This year for Ash Wednesday, we have the opportunity to continue that biblical tradition with the historical “Rite of the Imposition of Ashes” (putting ashes on ourselves). This has been historically done to signify that “I am a sinner, and because of it, I deserve death.” On your way into the service, if you would like to receive ashes as a symbol and reminder of the death that results from your sin, I will be standing in the back of the church with ashes burnt from palm branches (used to celebrate Christ’s entrance into Jerusalem the year before). Using olive oil mixed with the ashes, you may have the sign of a cross placed on your forehead or on the back of your hand. While placing the cross on you, I will say “Dust you are, to dust you will return.”

This is something that is completely and totally optional on your part. But it can be a great way to remind ourselves that we are sinners, and to help and focus our Lenten devotion upon Jesus Christ and Him crucified for our sins and the sins of the world. Last year there was nothing more humbling than to see a cross made of ashes upon Ella. She was only 2 months old, and yet, we know from scripture that she already was a sinner and in need of Jesus to redeem her from sin, death, and the power of the devil.

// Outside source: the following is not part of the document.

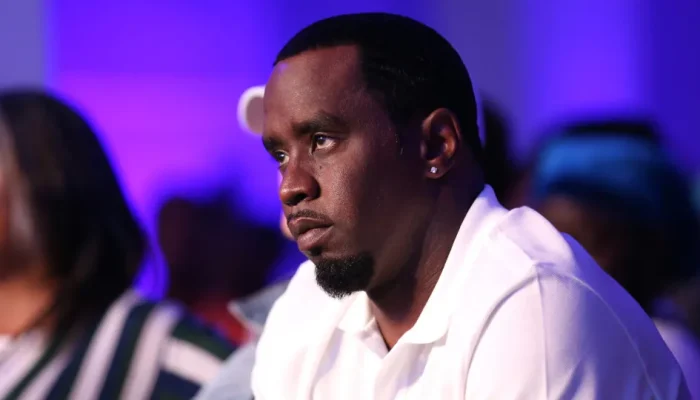 Sean-Diddy-Combs-recebe-duas-novas-acusacoes-por-casos-de.webp.webp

I know that to some, this may sound like a “Roman Catholic” practice, and yes, the Roman Church does practice the “imposition of ashes” on Ash Wednesday. However, the act carries a huge amount of symbolism that has been practiced in churches across the denominational spectrum. Lutherans, Catholics and all other Christians are sinners and in need of repentance and forgiveness.

Finally, as you go home following the service and wash off the ashes, you may be reminded of your own baptism where, in water and the word, death was washed off of you, and you were given the promise of eternal life and forgiveness of sins. In Jesus, you have life and life to the full.

On Easter morning, we are able to rise ash free with a clear conscience and declare “I am forgiven, just as Christ is risen indeed!” What a blessing. Please consider participating in Ash Wednesday services March 9th.